Normalization
Normalization is the process of breaking down a complex and large table or relation into smaller multiple tables. It is used to reduce repetition of data, identify dependencies between the data and make the database more flexible and easier to use.
Advantages of normalization are:
■ It reduces data redundancy.
■ It reduces wastage of storage.
■ It removes inconsistency in the database.
■ It simplifies the structure of tables.
■ It makes the database operation easier.
■ It avoids loss of data from the database.
■ It improves the performance of the system.

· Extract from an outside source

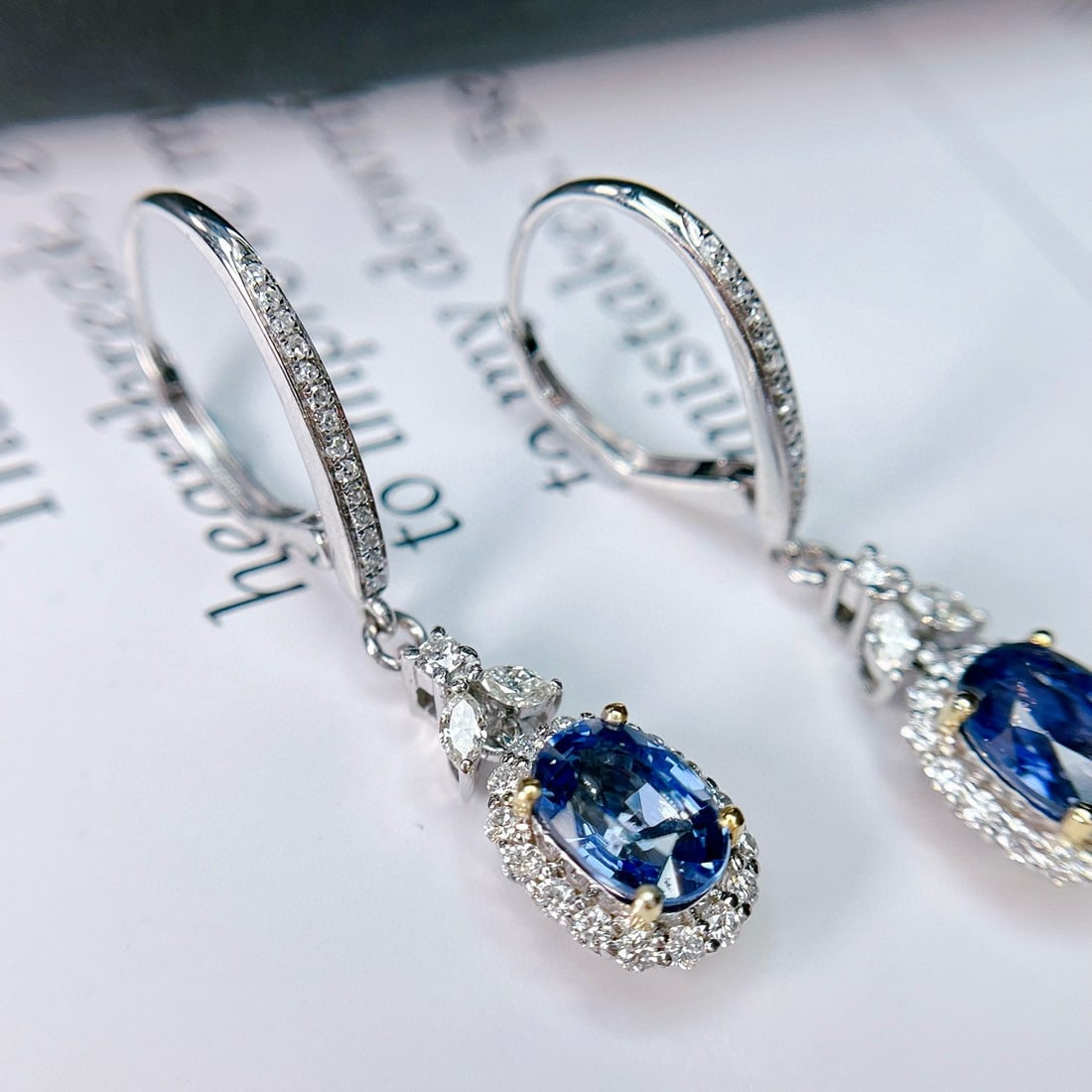 14k Gold 2.35 Ct Natural Sapphire & Diamond Earrings - 5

Normalization use different normal forms. Some of the normal forms are: First Normal Form (1NF), Second Normal Form (2NF) Third Normal Form (3NF).
Type of normalization
- First normal form (1NF)
- Second normal form (2NF)
- Third normal form (3NF)
First normal form (1NF) – A table is said to be in first normal form if it has no repeating groups. A repeating group is a set of columns that store similar information that repeats in the same table. Consider the following table. which contains the tracking information.
Contacts |
Contact _ ID L_ name F_ name Contact_data1 Contact_desc1 Contact_date2 Contact_desc2 |
This table contains a repeating group of the data and description of two conversation. The only advantage of designing table like this is that it avoids the need for relationship. But has the following disadvantages:
- This structure limits the number of conversation to two, which will create problem when more than two conversation need to be stored.

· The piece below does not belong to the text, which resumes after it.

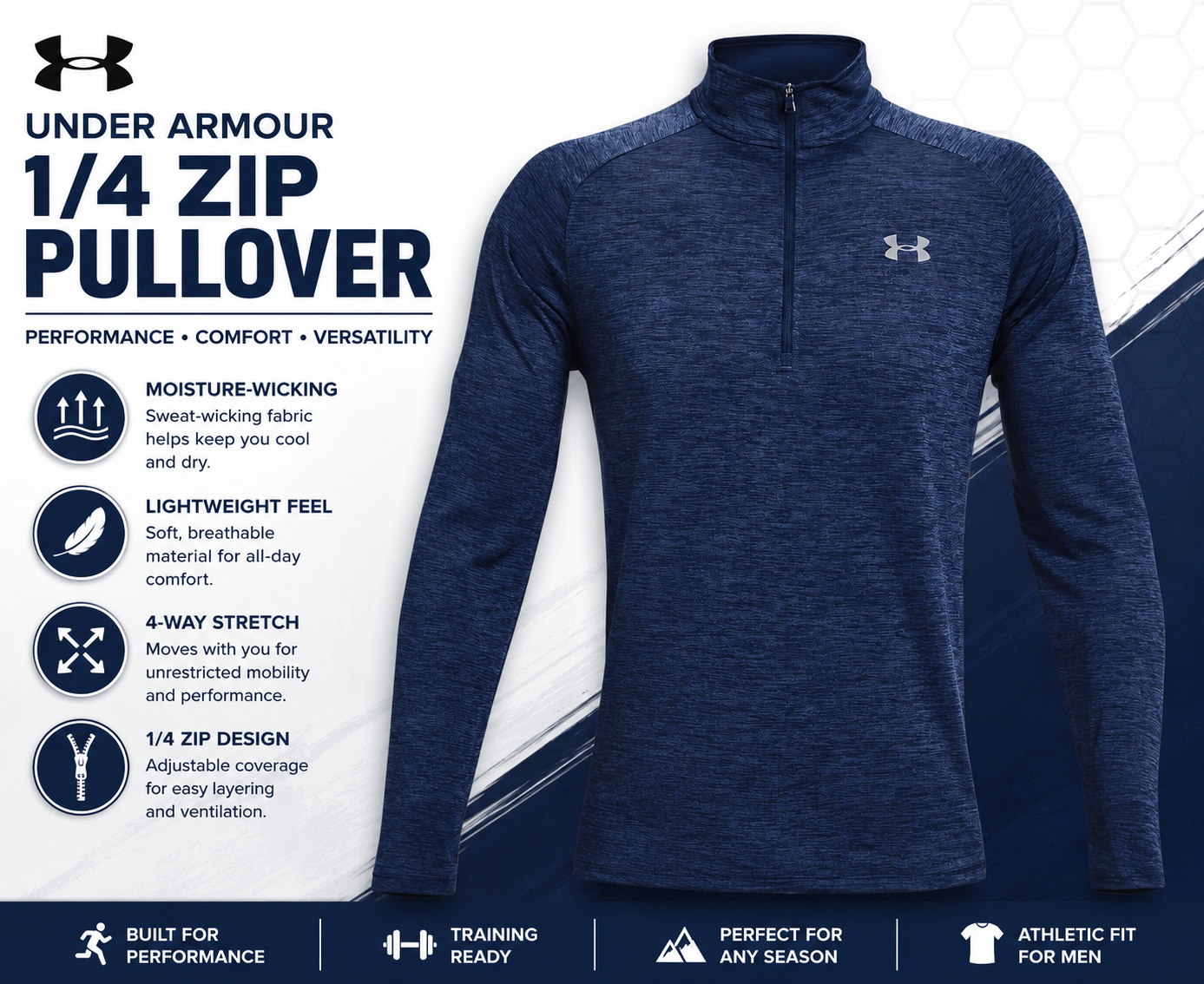Under Armour Men's Tech 2.0 Half-Zip Pullover in Steel Blue Pick Your Size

- Thus structure also makes it difficult to do any kind of meaningful searching using the column.
To remove the repeating group is to move to another table, which is then related to present table with common key field. The primary key of parent table is stored in second table. A table is in 1NF if there is no repeating of groups.
Contacts | Conversation |
Contact_ ID L_ name F_ name |
Contact_ ID Contact_ date Contact_ desc |
Table in 1NF
Second normal form(2NF) – A table is said to be in second normal form if it is already in first normal form and if every non key column depends on the entire key. It is the elimination of redundant date. Redundant date is date that is expressed multiple times unnecessarily or depend only on part of multi value key. In other word, when the column’s value is depend upon the value of one column of table, but not another, it is considered redundant. For example consider the table employee.
Employee |
Emp_ No L_ name F_ name Dept_ code Description |
This table contains the redundant data, namely the department description, which depends only on the Dept_ code and does not depend on the Emp_ No, which is the primary key of the table. So strong the Dept_ code and description in another table eliminate redundancy.
Employee | Department |
Emp_ No L_ name F_ name Dept_ code |
Dept_ code Description |
When the columns that depends on any key other than primary key is removed, then the resulting table is in 2NF.
Third normal form (3NF) – A table is said to be in third normal form if it is already in second normal form and if non key columns are not dependent on each other. The columns in each table should be a group of columns in which the data in each column contributes to the description of each row in the table. For a given row with a unique key, each column in the appearing in that row should contribute to the description of the row.
For example consider the following table contacts:
Contacts |
Contact_ ID L_ name F_ name Company_ name Company_ location |
In the above table, F_ name and L_ name contribute to a describing a specific contact using the primary key Contact_ id. But the Company_ name and company_ location do not contribute to describing the record with a given Contact_ id. So store Company_ name and Company_ location in another table.
Contacts | Company |
Contact_ ID L_ name F_ name Company_ ID |
Company_ ID Company_ name Company_ location |
When all the columns in a table describe and depend upon the primary key, the table is said to satisfy the 3NF.